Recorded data
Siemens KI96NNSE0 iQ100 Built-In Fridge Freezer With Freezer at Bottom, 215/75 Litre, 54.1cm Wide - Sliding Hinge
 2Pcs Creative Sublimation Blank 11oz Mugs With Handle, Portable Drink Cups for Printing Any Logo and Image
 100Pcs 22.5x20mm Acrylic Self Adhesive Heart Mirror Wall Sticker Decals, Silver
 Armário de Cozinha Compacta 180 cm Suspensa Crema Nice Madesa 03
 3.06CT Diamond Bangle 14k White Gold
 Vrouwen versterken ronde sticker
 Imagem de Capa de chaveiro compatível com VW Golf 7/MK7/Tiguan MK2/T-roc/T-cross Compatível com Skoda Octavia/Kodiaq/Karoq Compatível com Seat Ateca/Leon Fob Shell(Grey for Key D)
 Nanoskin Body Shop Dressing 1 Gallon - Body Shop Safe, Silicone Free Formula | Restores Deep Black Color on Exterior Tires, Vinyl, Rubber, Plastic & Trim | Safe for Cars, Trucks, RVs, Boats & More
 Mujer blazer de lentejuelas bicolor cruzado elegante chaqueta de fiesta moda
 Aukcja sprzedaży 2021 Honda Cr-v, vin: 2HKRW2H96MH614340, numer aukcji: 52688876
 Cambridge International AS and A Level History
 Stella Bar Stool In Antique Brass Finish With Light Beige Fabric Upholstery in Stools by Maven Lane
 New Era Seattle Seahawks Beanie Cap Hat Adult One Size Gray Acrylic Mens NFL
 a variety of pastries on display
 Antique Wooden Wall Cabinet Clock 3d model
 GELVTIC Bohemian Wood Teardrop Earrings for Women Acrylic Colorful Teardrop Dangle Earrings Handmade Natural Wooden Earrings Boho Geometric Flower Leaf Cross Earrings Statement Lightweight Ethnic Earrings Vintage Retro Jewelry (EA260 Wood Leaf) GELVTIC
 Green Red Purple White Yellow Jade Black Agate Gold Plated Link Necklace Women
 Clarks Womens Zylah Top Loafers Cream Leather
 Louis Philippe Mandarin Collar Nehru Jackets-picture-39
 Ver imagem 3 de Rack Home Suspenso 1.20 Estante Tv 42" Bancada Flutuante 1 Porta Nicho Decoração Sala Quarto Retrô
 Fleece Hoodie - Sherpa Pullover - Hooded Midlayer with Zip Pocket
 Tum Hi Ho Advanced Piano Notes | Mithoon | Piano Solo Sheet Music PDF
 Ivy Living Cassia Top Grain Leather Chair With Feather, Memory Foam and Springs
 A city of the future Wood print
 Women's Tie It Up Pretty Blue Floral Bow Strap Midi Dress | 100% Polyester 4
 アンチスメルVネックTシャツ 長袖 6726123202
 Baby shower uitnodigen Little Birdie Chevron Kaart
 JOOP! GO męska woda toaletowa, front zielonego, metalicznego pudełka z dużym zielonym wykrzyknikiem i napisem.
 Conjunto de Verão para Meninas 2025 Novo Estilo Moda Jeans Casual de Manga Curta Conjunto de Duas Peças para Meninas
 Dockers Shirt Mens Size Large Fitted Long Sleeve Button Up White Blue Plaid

Task item - Would you retype exactly the lines above, from the line with "New Era Seattle" to the line with "Ver imagem 3", with both end lines kept and nothing more?

Written answer -
 New Era Seattle Seahawks Beanie Cap Hat Adult One Size Gray Acrylic Mens NFL
 a variety of pastries on display
 Antique Wooden Wall Cabinet Clock 3d model
 GELVTIC Bohemian Wood Teardrop Earrings for Women Acrylic Colorful Teardrop Dangle Earrings Handmade Natural Wooden Earrings Boho Geometric Flower Leaf Cross Earrings Statement Lightweight Ethnic Earrings Vintage Retro Jewelry (EA260 Wood Leaf) GELVTIC
 Green Red Purple White Yellow Jade Black Agate Gold Plated Link Necklace Women
 Clarks Womens Zylah Top Loafers Cream Leather
 Louis Philippe Mandarin Collar Nehru Jackets-picture-39
 Ver imagem 3 de Rack Home Suspenso 1.20 Estante Tv 42" Bancada Flutuante 1 Porta Nicho Decoração Sala Quarto Retrô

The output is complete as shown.